Word for word, copy the listing below and leave out its images.

■ **The data**:
──────

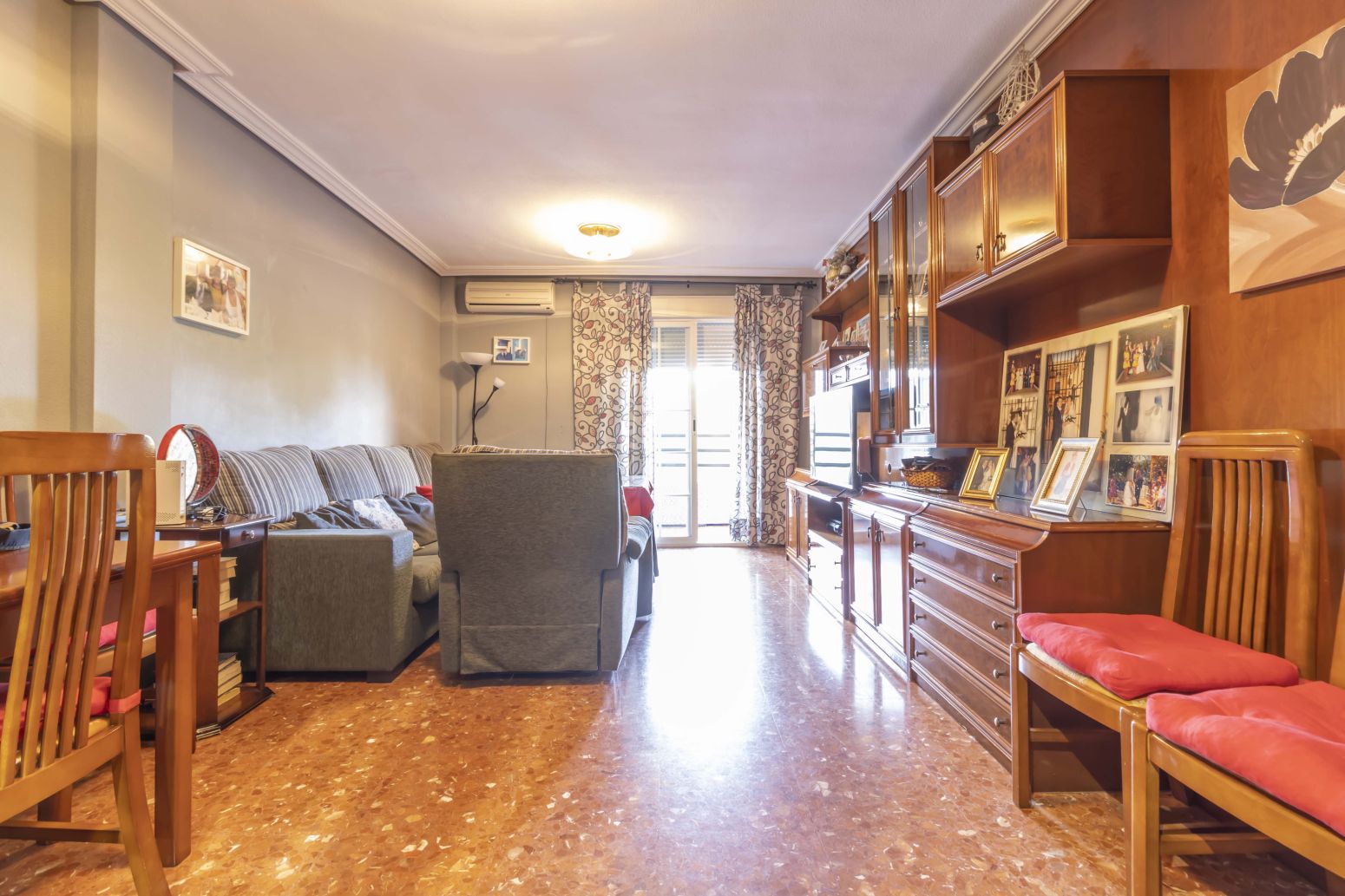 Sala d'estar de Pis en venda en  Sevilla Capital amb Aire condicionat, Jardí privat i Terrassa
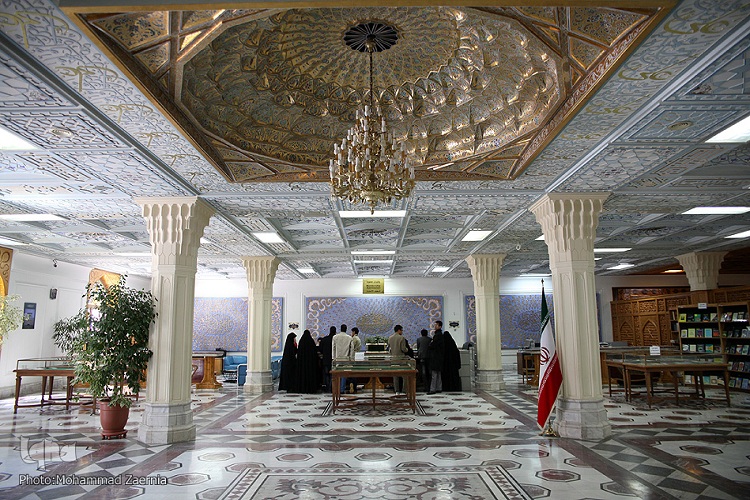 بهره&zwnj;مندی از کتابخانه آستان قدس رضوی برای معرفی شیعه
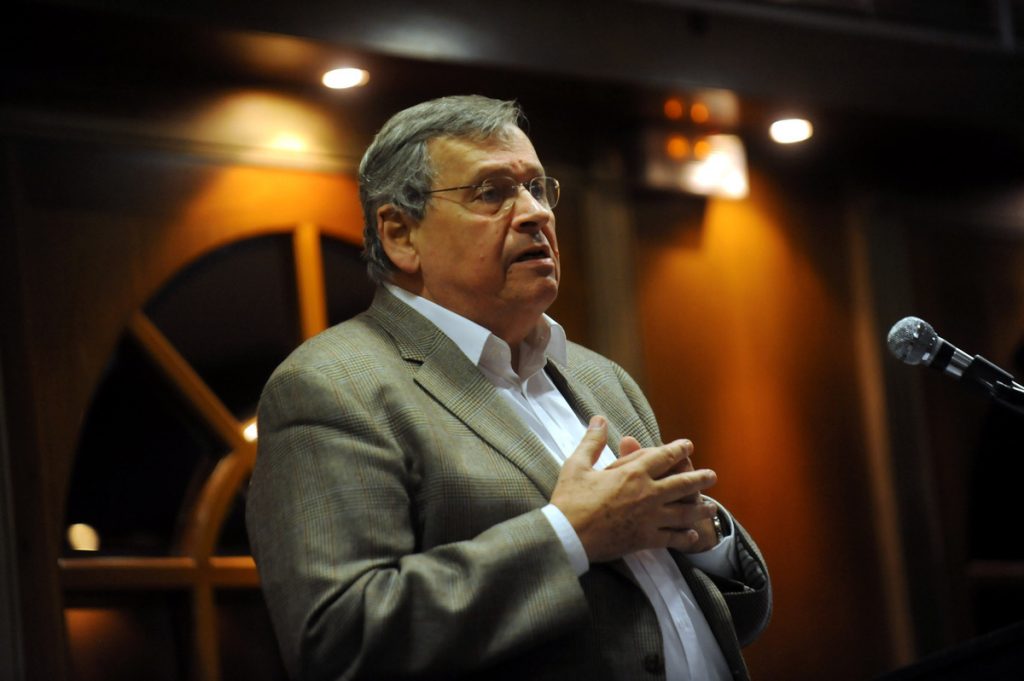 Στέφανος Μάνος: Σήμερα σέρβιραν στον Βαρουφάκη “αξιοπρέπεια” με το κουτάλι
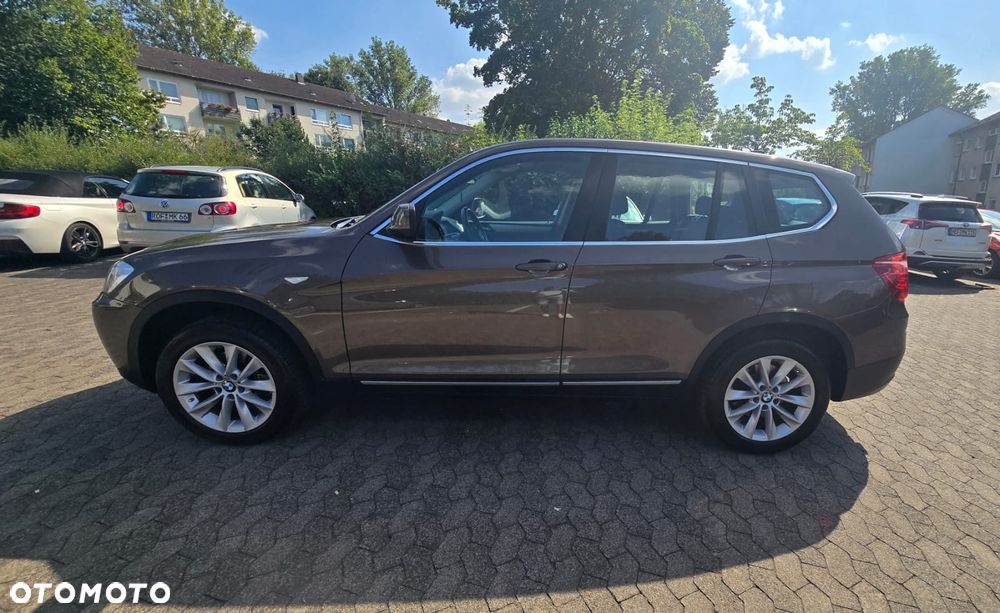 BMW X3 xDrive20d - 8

──────

■ **Task output**:
 Sala d'estar de Pis en venda en  Sevilla Capital amb Aire condicionat, Jardí privat i Terrassa
 بهره&zwnj;مندی از کتابخانه آستان قدس رضوی برای معرفی شیعه
 Στέφανος Μάνος: Σήμερα σέρβιραν στον Βαρουφάκη “αξιοπρέπεια” με το κουτάλι
 BMW X3 xDrive20d - 8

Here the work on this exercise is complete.